Ogun Government Demolishes Over 200 Illegal Trading Structures, Roadside Shanties in Abeokuta Metropolis
No Fewer Than 200 Illegal Trading Structures and Roadside Shanties Have Been Demolished By Ogun Government, Displacing Many Traders

The Ogun State Government has said the demolition of over 200 illegal structures around school fences and marketplaces is part of the Safer School Initiative, aimed at ridding the learning environment of criminals.
Senior Special Assistant to the Governor on Environment, Farooq Akintunde, said owners of the shanties, illegal structures and makeshift shops had been issued notices about six months ago, but they failed to comply with them.
Open Television Naija had reported in a sight and sound video report that the state government stormed Kuto, Idi-Aba, Oke Ijeun, and Panseke with bulldozers and pulled down the shanties and illegal structures on Thursday.
Some of the schools affected are St. John Primary School, Kuto; Nawairudeen Primary and Secondary School, Oje Ijeun; and Government Technical College, Idi-Aba.
The taskforce led by Akintunde also pulled down some make-shift shops in the Panseke area of Abeokuta for disrupting the free flow of traffic.
According to him: “ The main objective of the government embarking on this exercise is to ensure that students are not distracted from learning. We have occasions whereby students, because of this trading up and down, are distracted from the classroom and that is not too good for their learning process.
“And in line with the Safer School Initiative of this present administration, we need to protect our children. All these shanties are hideouts for criminals. You are aware of a lot of kidnapping cases all over the nation. So these are the cheap places where the kidnappers can make use of to come and perform their nefarious activities and the government, in its proactive measures, does not want such to happen.”
The Senior Special Adviser further warns heads of schools who allegedly allocated unauthorised spaces to traders to desist or face the full weight of the state law.
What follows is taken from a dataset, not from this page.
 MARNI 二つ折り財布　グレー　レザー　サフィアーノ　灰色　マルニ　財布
“I want to sound a note of warning because there has been a lot of information gathered since we commenced this action. Our school principals and headmistresses need to sit up because the information we are getting all over the place is unpalatable. They are employed by the state government to teach students. They are not given any power or authority to go and lend out government setbacks to people.
“Such money is an illegal fee and we don’t want a situation whereby they will find themselves in government’s trouble,” he said.
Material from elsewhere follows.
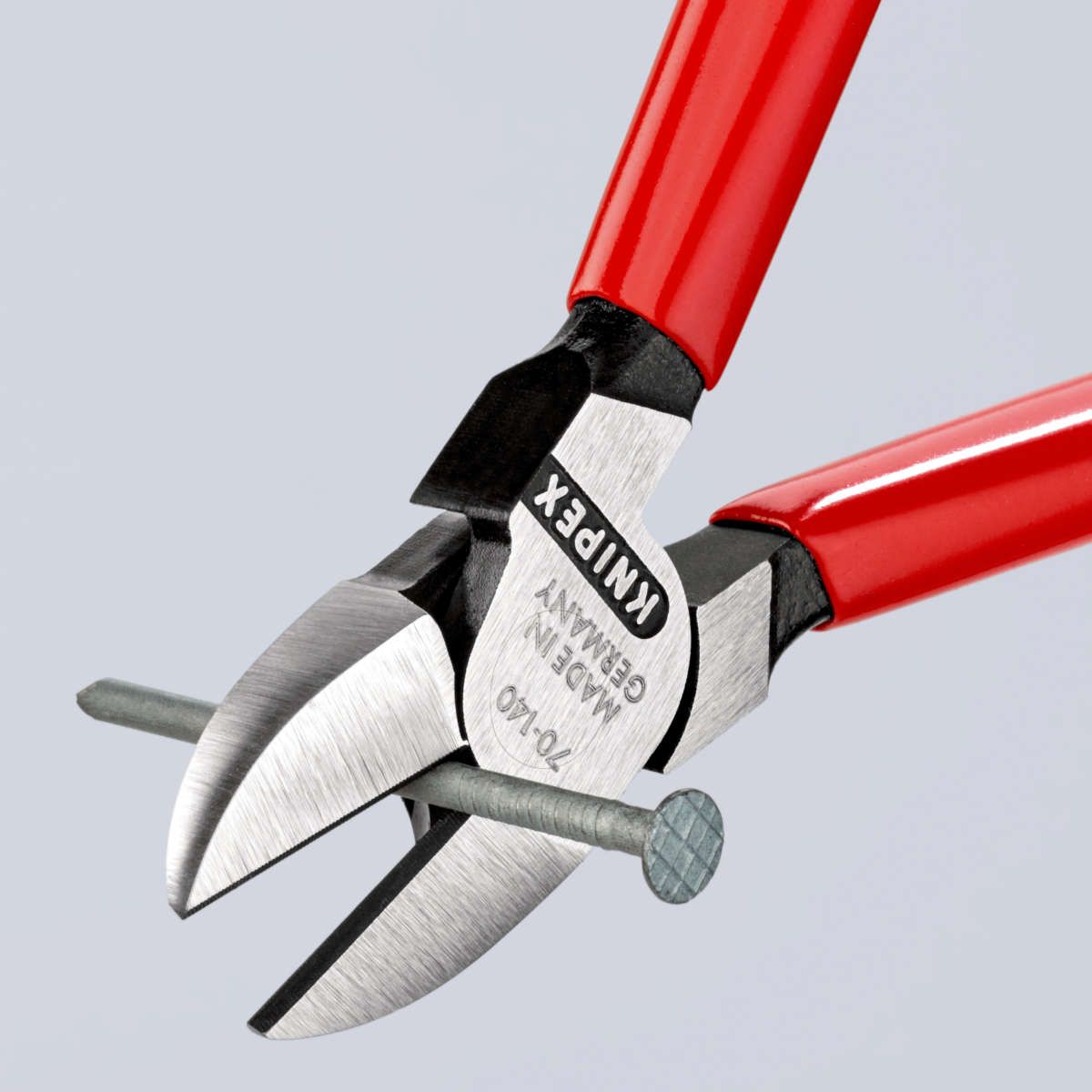 KNIPEX 70 01 140 Seitenschneider mit Kunststoff überzogen schwarz atramentiert 140 mm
Meanwhile, many of the affected road side traders interviewed by Open Television Naija in Abeokuta who admitted to having been served prior notice to quit have unanimously made emotional appeals to government to consider mitigating their losses by relocating them to choice markets for them to continue their trading activities upon which they depend solely for livelihood with many of them claiming that they have obtained loans from Microfinance Banks of which they are expected to pay back with agreed interest rates on a daily and weekly basis.